My fear is the same as yours....I was ok on LT, but what about when I started to eat...would it go belly up!!!! It hasnt but it hasnt been easy either, although I am at the end of my second week and feel so comfortable around food.

I took the opportunity to address issues that I knew I had whilst I was on LT and I am now proving to myself that I dont need food as a crutch and I can enjoy a nice meal without feeling guilty.

You have to get it out of your head that LT is the answer...because it isnt. If you dont deal with food and the problems behind the control, then LT will be another crutch for you.

Personally, I think you have done incredibly well, and i wouldnt think anything about you refeeding and trying to deal with your demons with food.

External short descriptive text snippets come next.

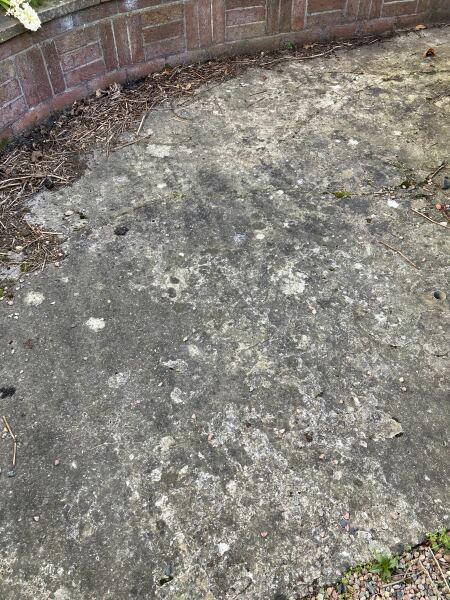 What can I do about this floor? (Pic attached)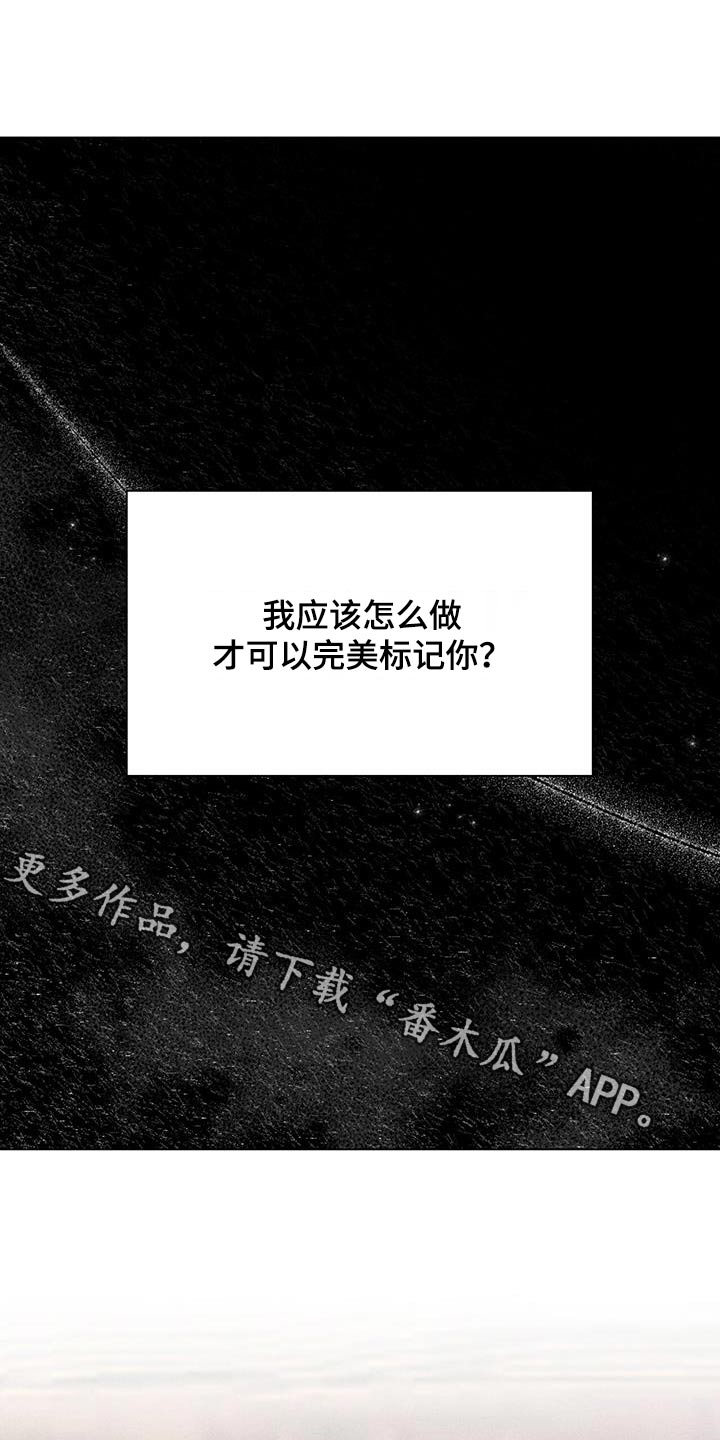 第65章：成绩0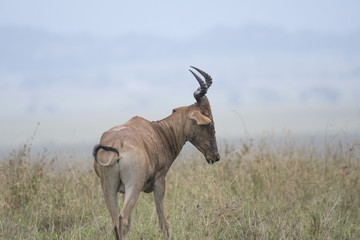 Hartebeest, Serengeti
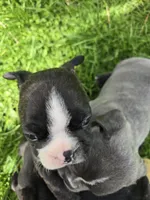 Samaritan , a male Boston Terrier and French Bulldog for sale in Birch Run, MI – Photo 6 of 9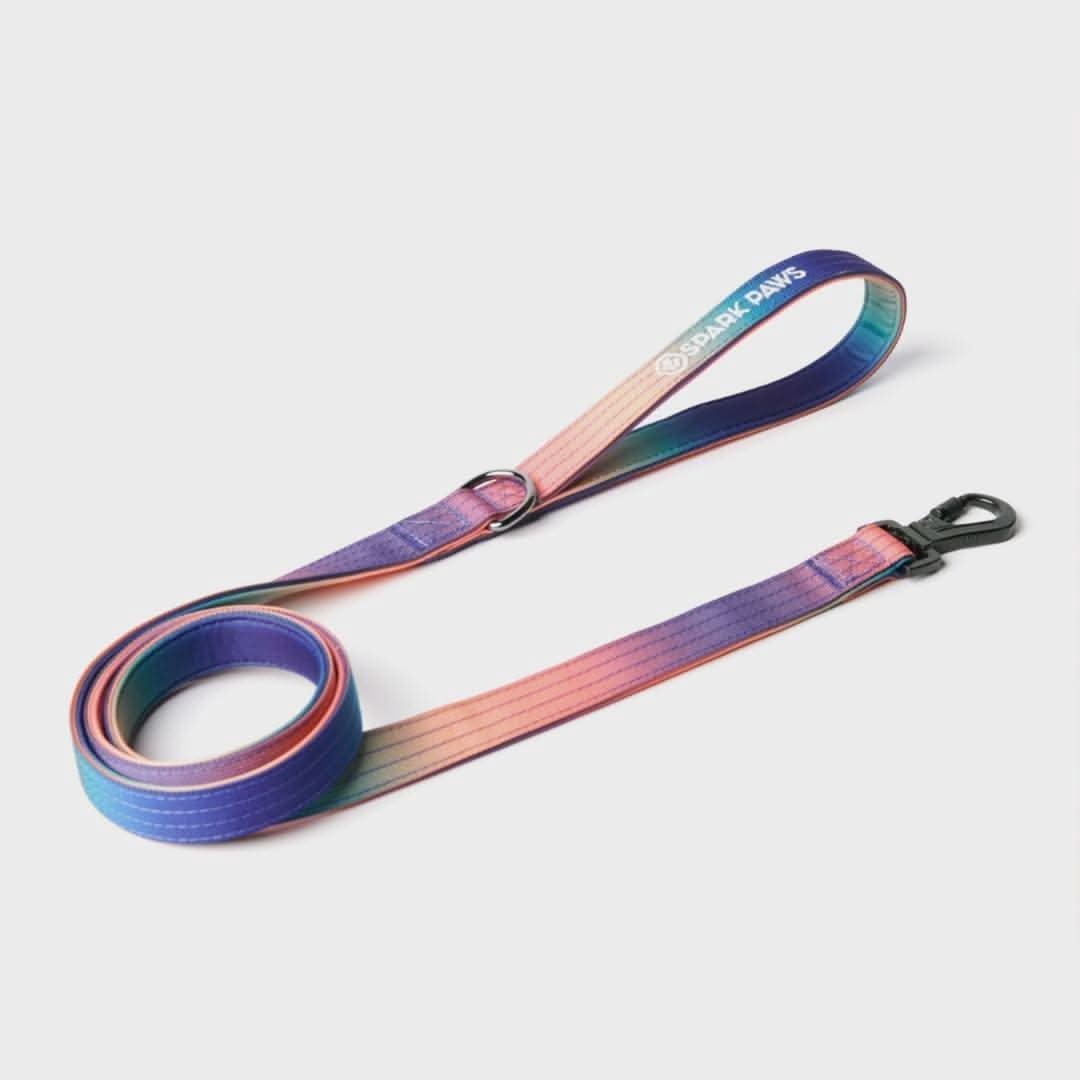Comfort Control Dog Leash (Multi Color) - Image 9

You have the support of the forum and we are all here to help you.

Only you will know if it is the right time; like Doirin says, she has made a major decision this week when to stop but that wasnt her intention at the beginning..as we are changing so much whilst the weight is coming off and on LT.

I wish you all the best and it is achievable and I understand so much about just wanting to learn to live normal and eat, which isnt NAUGHTY either!!!! That is another thing to learn...bad habits you see die hard! We think food as bad and makes us fat, but it needed be like that.

As I say, have a look at my refeed diary as I have tried to be so honest with my feelings as I was petrified withe the refeed and really didnt want to refeed because I felt safe on LT!

Take care and the medication will kick in shortly too which will help you to calm down and think straigher.